In the Community: Music and Franco-American Food

 

Sometimes, a concert’s setting can make all the difference. When Lowell National Historical Park first thought of partnering with the Franco-American Day Committee to help celebrate Franco-American Week in Lowell, we planned on presenting a Franco-American/Irish concert on Park grounds. But after much thought and discussion, we all realized that the better idea was to pair the Park-sponsored concert with a community event — the traditional ham and bean supper, which is typically held in a French Church Hall. This year, the supper was served in the Immaculate Conception School Hall. When we arrived around 4:45 p.m., the hall was full of people, many of whom had grown up in Lowell and the surrounding communities. Although there were some children about, the average age was about 75. French was being spoken and the aroma was heavenly. Home baked hams and plenty of Cote’s beans, both the light and the dark, were being served.

 

People socialized and ate from 4:30 to 6:30. Music was scheduled to start at 7:30. Several hours before members of the “Irish-French Connection” took the stage, they rehearsed in the Park’s Visitor Center conference room.

The leaders of this band – John Whelan and Donna Hébert –are icons in their Irish and Franco-American musical communities. Each brings 40 years of performing, teaching, and recording experience to the newly formed band.

 

The tunes and songs they performed during the evening concert were once commonly played and danced to in Irish and French-Canadian immigrant communities throughout the Northeast, where both groups migrated in the 1880s to work in the textile mills. Indeed, when we asked the 135 audience members how many had relatives who had worked in the Lowell textile mills, about half of the hands went up.

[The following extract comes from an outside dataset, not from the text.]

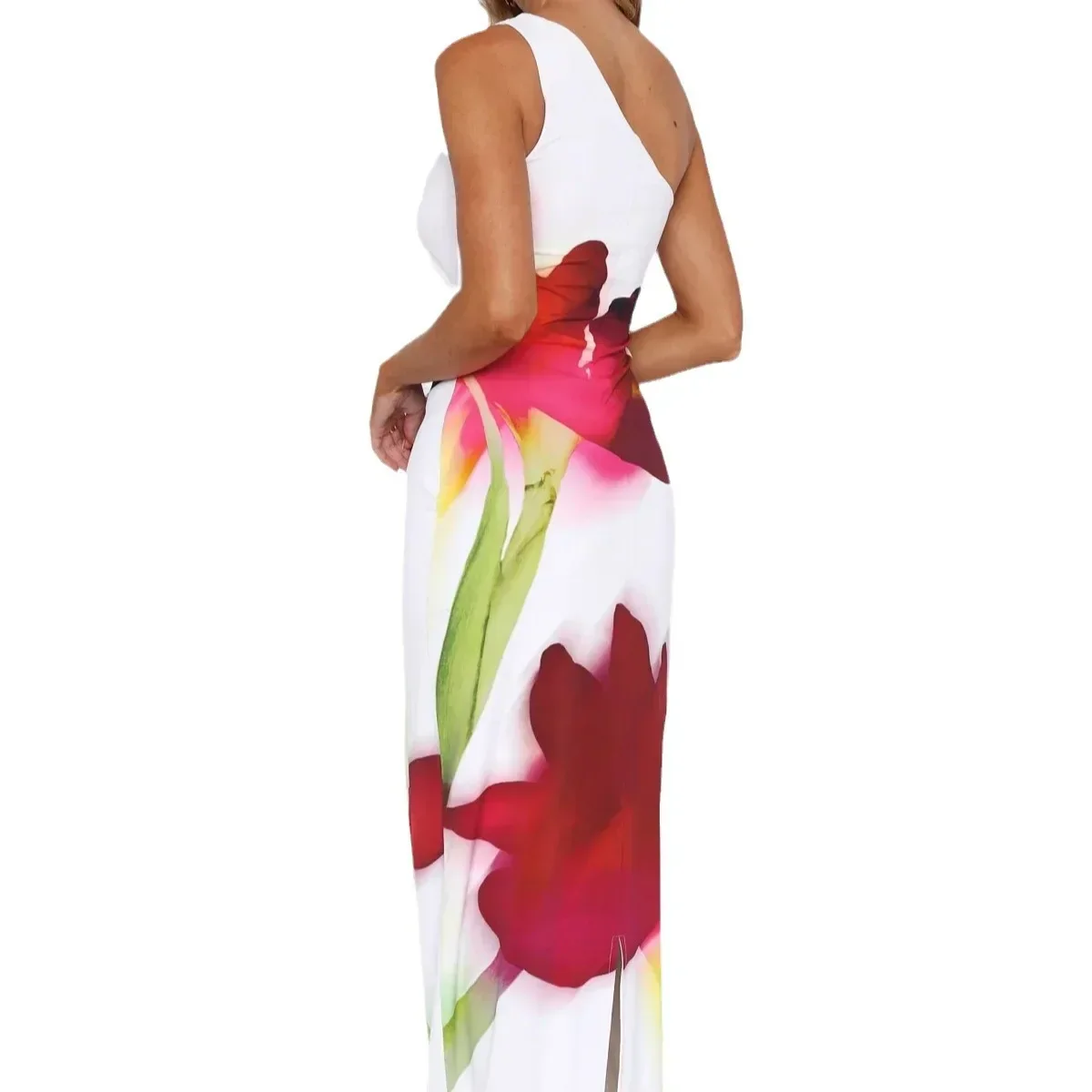 Vera Maxi Dress - Image 5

Seated at one of the many tables was Lowellian Raymond Breault, who throughout the evening played his wooden spoons and clogged his tap-soled shoes in time to the music. On more than one occasion, he made his way to the front of the hall to demonstrate his rhythmic feet. This delighted the musicians. As Donna remarked from the stage, “There is no better compliment to a fiddler than to have someone who is moved to  get up and dance.”